So, I have been reading The Hunger Games.
This is why I never get anything done, you know? I’d decided that I was going to bide my time on the blackwork, really study for it and plan it and make it the best it could be.
And then I read the first book of The Hunger Games, and, for some reason, I thought “Oh wow, the best way to get out this new fannish excitement is clearly to immortalise it in cross stitch.”
So I did.
And I still am.
And I probably will be for the foreseeable.
My love of children’s and YA literature isn’t exactly a secret. I think that at its best it can be more original than adult fantasy and sci-fi, and more fun than any amount of quirky midlist fiction. The woefully underrated Robin Jarvis’s Whitby Witches trilogy changed my life, as did his Deptford Mice, Deptford Histories and Wyrd Museum books. Mortal Engines, Scott Westerfeld’s Leviathan and Behemoth (still need Goliath), The Edge Chronicles, Terry Jones’s children’s books, Harry Potter (come on, he doesn’t need a link), and now The Hunger Games. It’s a good time to be learning to read, guys.

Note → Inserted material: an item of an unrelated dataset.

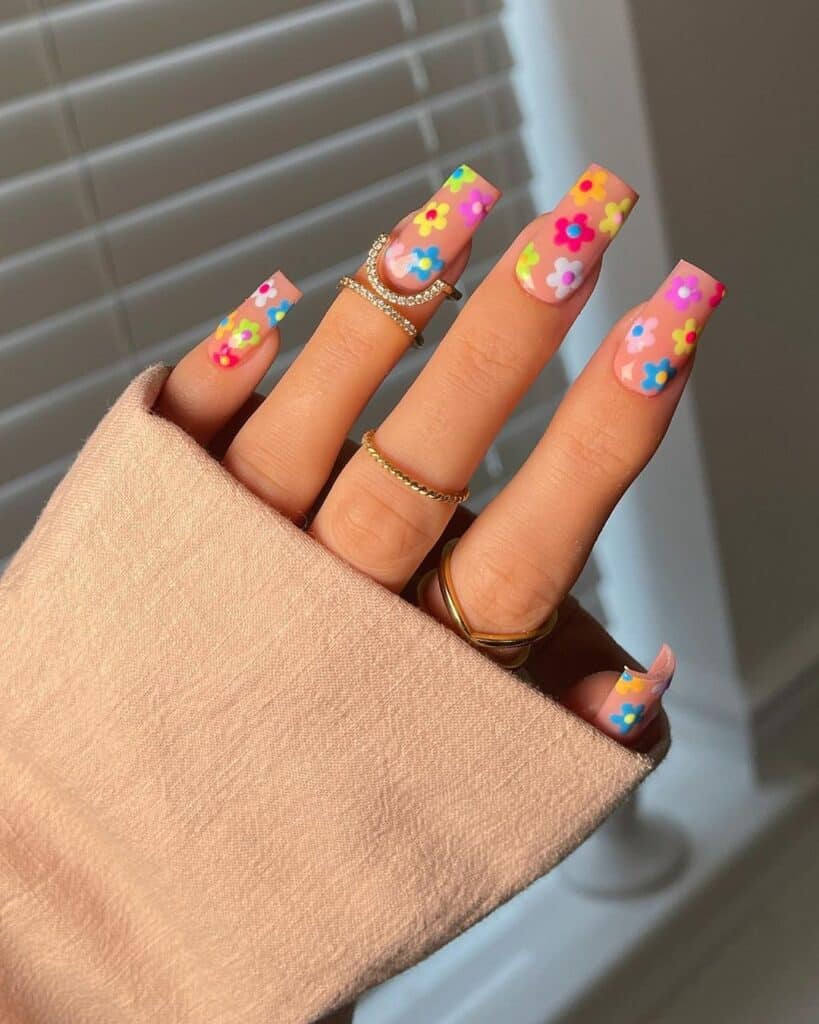 Cute Floral Nails For May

It’s strange – I hate horror films with a passion, can’t stand them and can’t watch them with my eyes open, but I adore books that horrify me. The Deptford Histories were probably the first books I read that genuinely scared the hell out of me. The Alchymist’s Cat is technically a book about talking cats in Tudor London. Aww, right? No. These cats dick each other over in the most horrendous ways, as do the humans in the story, and Jarvis seems to revel in the filth of the period. These are not books that would make you want to live in Tudor times. Plague doctors and evil magic cats. No thank you.
One of the things I was tempted to do when I first heard about The Hunger Games was to compare it to Battle Royale, which I also love in all its forms (and which also deeply affected me back in secondary school/college when I first watched it at like 1am on the Sci Fi channel, back when it was called that. I was pleasantly, pleasantly surprised that I couldn’t compare them. The premise of “kids kill each other as part of a state campaign to keep the people down” is the same, but that’s it. Both Takami and Collins have made it their own, and made it a product of their own countries and times. The subject is dealt with in completely different ways. Takami takes an entire class of kids and uses those dynamics and the students’ histories with each other and personal lives to explore this awful scenario, while Collins focuses on her viewpoint character and links the “kids killing each other” bit in with a larger narrative of revolt and rebellion. Battle Royale relies on traditionally Japanese classroom dynamics and the desire for conformity, touching on a lot of Japanese societal issues (look at any of the female characters, and the way the students have so often been failed by the adults responsible for them, each bringing years of baggage onto the island for their motivations), whereas The Hunger Games is about a government who wants to keep the masses down not to enforce mass conformity and the appearance of equality, but to keep themselves in the (ultimately unsustainable) lives to which they are accustomed. These stories are coming from vastly different places. The differences far outweigh the superficial similarities.
There is no way to compare the two, and certainly no way to claim that Collins plagiarised anything, unless you’re an internet hipster who desperately wants to be controversial and/or doesn’t understand how reading works. End of story.
And, all that said, here’s part one in a short series of Hunger Games cross stitches!
For this I basically smushed together two different patterns that I came across. I found this pattern here, which has fabulous shading, but it was too small for what I wanted to do. So I tried and mostly succeeded to transpose that shading onto this pattern here, which was big enough, but I wasn’t too big on the way it’s shaded.
And voilà! Mockingjay cross stitch!
I’m currently working on a Foxface cross stitch, because Foxface is awesome. Then I’m going to have to do a Rue, and a Johanna Mason, and Peeta, and oh god, it’s never going to stop!